12. Asteroids and meteorites

    • There are billions of asteroids in the main asteroid belt, located between the orbits of Mars and Jupiter.

    • The asteroid belt is largely empty space, and a spacecraft may safely travel through it.

    • Hundreds of Trojan asteroids circle the Sun in the same orbit as Jupiter. These asteroids are located near the two Lagrangian points where the gravity of the Sun balances that of Jupiter.

    • The Earth resides in a swarm of asteroids. Many of these near-Earth asteroids travel on orbits that intersect the Earth’s orbit, with the possibility of an eventual devastating collision with our planet.

    • Asteroids can be chaotically shuffled out of certain orbits in the main belt, and redirected into the inner solar system.

    • The asteroids are the pulverized remnants of former worlds that failed to coalesce into a single planet.

    • Groups of asteroids, known as families, have very similar orbits.

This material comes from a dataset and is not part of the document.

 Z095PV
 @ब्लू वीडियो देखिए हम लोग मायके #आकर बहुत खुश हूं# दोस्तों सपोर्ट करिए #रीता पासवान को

The members of each family are the collision fragments of a larger object, which was itself much smaller than a major planet.

    • The combined mass of billions of asteroids is less than five percent of the mass of the Earth’s Moon.

    • The largest body in the main asteroid belt, 1 Ceres, and the first to be discovered there, is about 950 kilometers across and contains about one-third of the total mass of all the asteroids.

    • Unlike most, if not all, of the other asteroids, 1 Ceres has a round shape, suggesting a differentiated interior with a rocky core, thick mantle of water ice, and a dusty outer crust. Ceres has been designated a dwarf planet.

    • The gravity of the large majority of asteroids is too weak, and the mass too low, to pull them into a round shape. Their irregular, chipped shapes have been formed by eons of collisions.

    • The colors of sunlight reflected from asteroids indicate that they formed under different conditions prevailing at varying distances from the Sun.

    • Roughly 75 percent of the main-belt asteroids are the dark, black carbonaceous C-type orbiting the Sun in the outer half of the belt; about 15 percent of asteroids are bright, red, silicate S-type, residing on the sunward side of the main belt. Metalic, M, asteroids account for some of the remaining ones, and a few V asteroids are covered with volcanic basalt.

    • Asteroids may be mined for minerals or water.

    • Periodic brightness variations tell us that most asteroids are non-spherical objects spinning with periods of a few hours.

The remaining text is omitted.